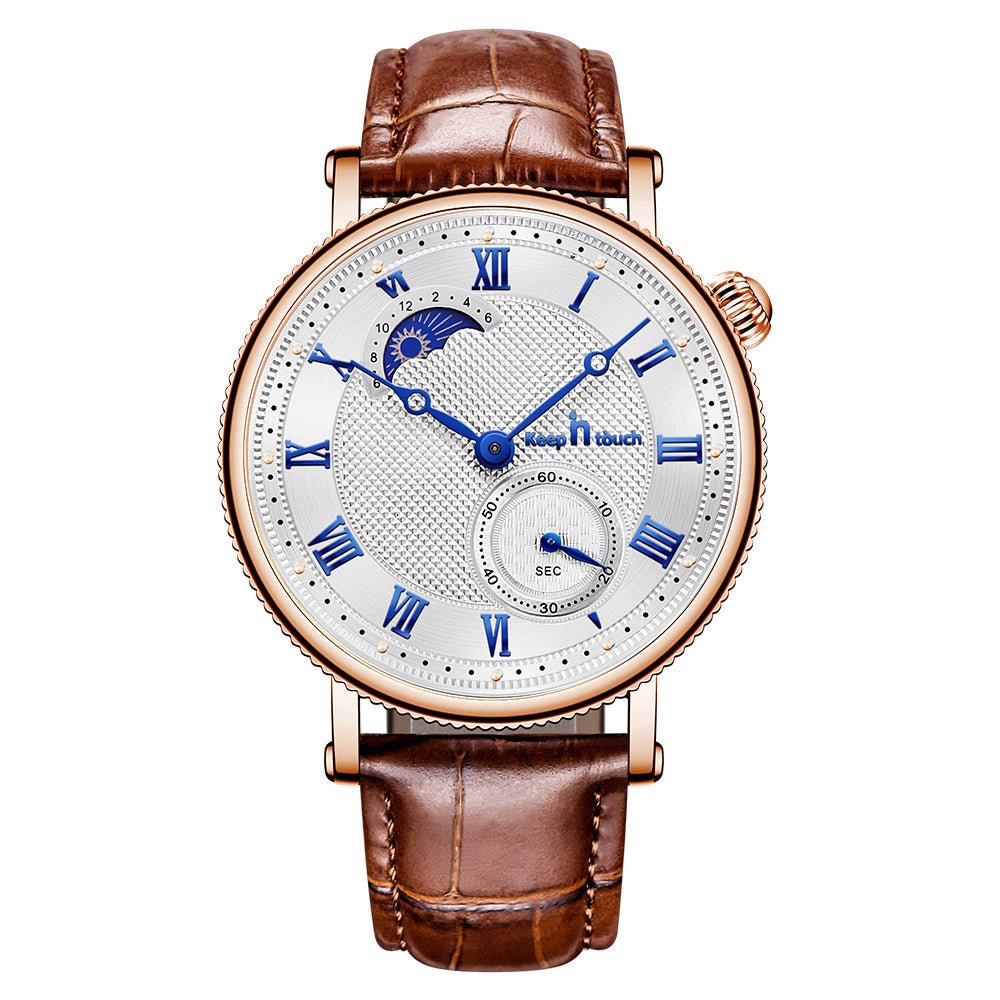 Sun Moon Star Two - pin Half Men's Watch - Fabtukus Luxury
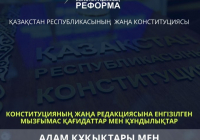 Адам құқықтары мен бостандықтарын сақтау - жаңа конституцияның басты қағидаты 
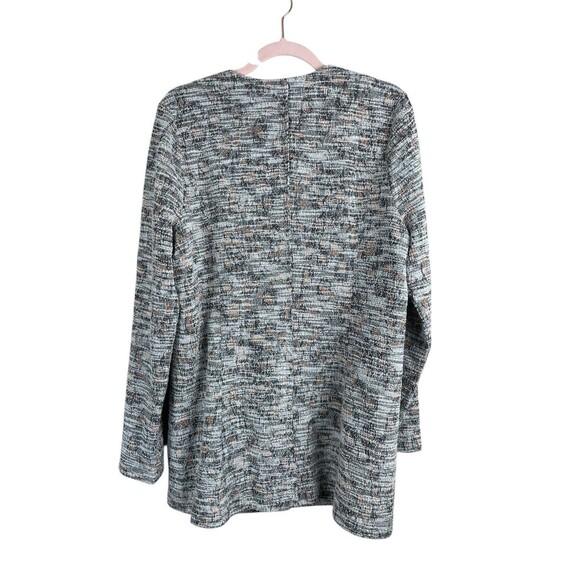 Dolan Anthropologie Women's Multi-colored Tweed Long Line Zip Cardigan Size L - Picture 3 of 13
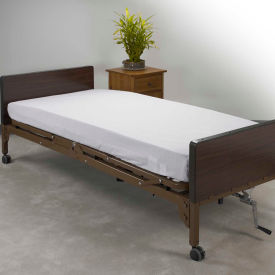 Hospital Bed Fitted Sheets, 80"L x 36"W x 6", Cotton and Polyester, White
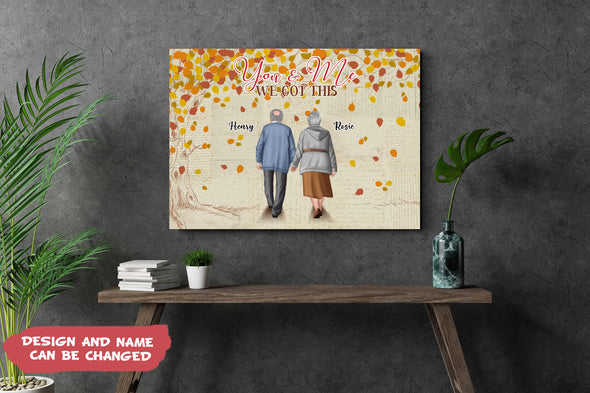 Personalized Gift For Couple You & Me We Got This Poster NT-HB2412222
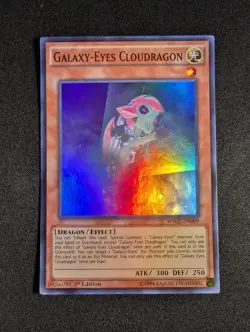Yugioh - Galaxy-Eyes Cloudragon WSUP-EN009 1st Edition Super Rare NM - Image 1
────
The data above must be given back verbatim, minus its images.

_YOUR RESPONSE_:
 Sun Moon Star Two - pin Half Men's Watch - Fabtukus Luxury
 Адам құқықтары мен бостандықтарын сақтау - жаңа конституцияның басты қағидаты 
 Dolan Anthropologie Women's Multi-colored Tweed Long Line Zip Cardigan Size L - Picture 3 of 13
 Hospital Bed Fitted Sheets, 80"L x 36"W x 6", Cotton and Polyester, White
 Personalized Gift For Couple You & Me We Got This Poster NT-HB2412222
Yugioh - Galaxy-Eyes Cloudragon WSUP-EN009 1st Edition Super Rare NM - Image 1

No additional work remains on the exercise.